John Pence, owner of the John Pence Gallery in San Francisco, represented McGraw for eight years before retiring in 2017, after 42 years in the art business. At age 85, he considers his relationship with both McGraw and Leffel among the most important influences in his understanding of art. He notes how examining one of McGraw’s paintings reveals countless tiny, beautiful abstract “paintings” that emerge through her brushstrokes. While she paints what she sees, he says, “it’s the result of a huge amount of dedicated looking.” Pence also points to a special quality of the artist’s brushstrokes that results in part from mixing oils with a thinning medium now called Maroger, known for its use by the Old Masters. “Titian and Rembrandt understood it, but it’s not easy to work with,” he says. Of McGraw as a painter and a person, he declares: “She’s a marvel.”
Just as Leffel’s masterful teaching had an enormous impact on McGraw’s art, she has influenced countless drawing and painting students over the years. By age 30, she was teaching at the Art Students League in New York City and has continued with private classes and workshops around the country. In the mid-1980s, she and Leffel began teaching together. A current collaborative effort is a weekly live stream with McGraw behind the camera and Leffel — who recently turned 90 — talking about art online at Bright Light Fine Art.
Steven Haas, a contemporary photographer and art historian in New York City, studied drawing with McGraw in the late 1980s. He credits her with opening his eyes to the process of making art. Haas remembers McGraw sitting beside him during a class, looking at his drawing, and gently asking what was troubling him. Startled, he asked how she knew something was wrong. “I can see it in your lines,” she said. At that moment, he understood that making art is a process of self-revelation. It’s about putting one’s inner state of being — one’s feelings and perceptions — down on paper. “That was a major breakthrough and one of the most extraordinary gifts I’ve ever been given,” Haas says.

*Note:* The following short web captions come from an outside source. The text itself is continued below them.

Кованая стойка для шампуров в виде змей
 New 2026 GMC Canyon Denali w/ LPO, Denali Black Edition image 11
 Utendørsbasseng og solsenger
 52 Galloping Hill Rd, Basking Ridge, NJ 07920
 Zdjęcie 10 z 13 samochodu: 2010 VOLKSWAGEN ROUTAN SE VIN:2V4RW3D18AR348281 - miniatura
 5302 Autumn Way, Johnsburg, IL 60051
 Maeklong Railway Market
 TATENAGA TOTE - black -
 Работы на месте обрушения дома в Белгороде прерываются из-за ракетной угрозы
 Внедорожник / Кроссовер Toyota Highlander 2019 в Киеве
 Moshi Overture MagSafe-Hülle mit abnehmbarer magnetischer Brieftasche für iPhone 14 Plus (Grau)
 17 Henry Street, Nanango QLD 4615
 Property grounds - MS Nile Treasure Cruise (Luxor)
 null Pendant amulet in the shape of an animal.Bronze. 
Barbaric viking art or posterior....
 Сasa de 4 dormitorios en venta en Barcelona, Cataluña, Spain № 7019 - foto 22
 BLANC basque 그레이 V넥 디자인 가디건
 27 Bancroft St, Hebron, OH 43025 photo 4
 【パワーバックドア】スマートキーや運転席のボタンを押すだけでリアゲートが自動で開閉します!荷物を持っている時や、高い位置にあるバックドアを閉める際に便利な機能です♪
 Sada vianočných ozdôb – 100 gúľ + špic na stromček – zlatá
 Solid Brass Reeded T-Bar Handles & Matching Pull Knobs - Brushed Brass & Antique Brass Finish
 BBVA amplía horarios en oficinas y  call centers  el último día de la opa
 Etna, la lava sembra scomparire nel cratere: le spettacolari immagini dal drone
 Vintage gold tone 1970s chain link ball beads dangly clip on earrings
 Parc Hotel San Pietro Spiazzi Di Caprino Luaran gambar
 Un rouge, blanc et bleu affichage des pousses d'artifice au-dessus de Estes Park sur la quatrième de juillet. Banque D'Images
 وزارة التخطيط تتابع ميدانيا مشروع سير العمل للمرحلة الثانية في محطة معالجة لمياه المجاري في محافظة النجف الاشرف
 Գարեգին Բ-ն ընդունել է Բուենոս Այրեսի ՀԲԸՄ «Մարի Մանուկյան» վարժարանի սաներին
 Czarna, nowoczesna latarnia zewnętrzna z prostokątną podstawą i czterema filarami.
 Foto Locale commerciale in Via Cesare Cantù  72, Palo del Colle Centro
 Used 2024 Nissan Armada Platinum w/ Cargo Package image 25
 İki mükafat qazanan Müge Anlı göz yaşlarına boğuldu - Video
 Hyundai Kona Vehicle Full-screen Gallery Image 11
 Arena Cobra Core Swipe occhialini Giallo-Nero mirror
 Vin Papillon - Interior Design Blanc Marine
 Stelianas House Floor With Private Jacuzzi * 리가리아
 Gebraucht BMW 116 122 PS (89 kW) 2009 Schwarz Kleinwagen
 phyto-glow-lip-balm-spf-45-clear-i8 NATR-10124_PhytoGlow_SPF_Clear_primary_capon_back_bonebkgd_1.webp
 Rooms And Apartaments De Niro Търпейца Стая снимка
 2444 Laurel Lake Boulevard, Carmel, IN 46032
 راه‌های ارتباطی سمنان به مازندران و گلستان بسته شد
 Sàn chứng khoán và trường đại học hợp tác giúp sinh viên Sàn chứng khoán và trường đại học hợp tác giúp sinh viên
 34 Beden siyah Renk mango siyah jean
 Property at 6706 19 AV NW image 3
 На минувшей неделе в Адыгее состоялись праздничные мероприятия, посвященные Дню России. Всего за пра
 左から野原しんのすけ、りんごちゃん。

For McGraw, bringing all of herself into the artistic process creates a direct and constantly changing relationship with her subjects. It’s why she never works from photographs, and it’s how she achieves a transcendental quality of aliveness in her work. “The light is shifting, the flowers are drooping, the leaves are changing,” she says. “All the things that make it harder to paint from life are what make it interesting. That’s the beauty of it, that incredible dance of dealing with life on the move.”